Module 2_ 3. Probability and Statistics Flashcards
(40 cards)
Eg. Rolling a fair dice
Is it an example of continuous random variable or discrete random variable?
discrete random variable
Eg. Measuring height of a randomly picked student
Is it an example of continuous random variable or discrete random variable?
continuous random variable
What is the difference between population and sample? Explain with example.
Suppose we need to calculate the average height of people in the world.
If we go by population we will consider all the heights of 7 billion people and calculate the mean using the below formula:
μ = (1/7B) Σ hi
If we go by sample, we will consider a subset of the heights of 7 billion people (like take only 1000 heights) and calculate the mean using the below formula:
x̄ = (1/1000) Σ hi
As sample size increases,
x̄ ≈ μ
Does Gaussian distribution occur in real world? If yes give 2 examples.
YES
- SL and PL of iris flowers.
- Heights and weights of people in real world.
If X follows Gaussian distribution and has mean(μ) and variance(σ^2), then write it in mathematical form.
X ~ N(μ, σ^2)
What is the 68-95-99 rule?
- In range [μ - σ, μ + σ], 68.2% of points lie
- In range [μ - 2σ, μ + 2σ], 95% of points lie
- In range [μ - 3σ, μ + 3σ], 99.7% of points lie
What is the mathematical formulation of Gaussian distribution?

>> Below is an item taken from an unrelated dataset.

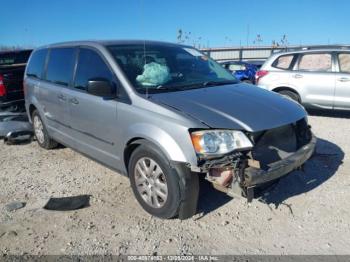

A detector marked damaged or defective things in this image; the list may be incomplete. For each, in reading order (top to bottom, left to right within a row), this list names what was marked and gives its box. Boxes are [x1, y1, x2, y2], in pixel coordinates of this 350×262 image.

crumpled hood [150, 84, 306, 132]
broken headlight [190, 129, 253, 156]
detached bumper piece [245, 134, 316, 187]
damaged front bumper [243, 134, 318, 187]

P(X=x) = P(x) = (1/σ√(2π)) exp{-(x-μ)^2/(2σ^2)}
Simplifying the above equation,
Let μ=0, σ^2=1
P(X=x) = P(x) = (1/√(2π)) exp{(-1/2)x^2}
After removing constants,
P(x) = y = exp{-x^2}
As x moves away from μ, y reduces exponentially
True or False.
PDF of Gaussian distribution is symmetric.
True
What is Kurtosis? What is the formula for Excess kurtosis?
Kurtosis - Measure of tailedness and not peakedness
Excess Kurtosis —-> Kurtosis - 3
What is standard normal variate(Z)?
Z ~ N(0,1) where μ=0 and σ^2=1
What is standardization?
Standardization is converting any gaussian distribution with a finite mean(μ) and variance(σ^2) to a standard normal variate.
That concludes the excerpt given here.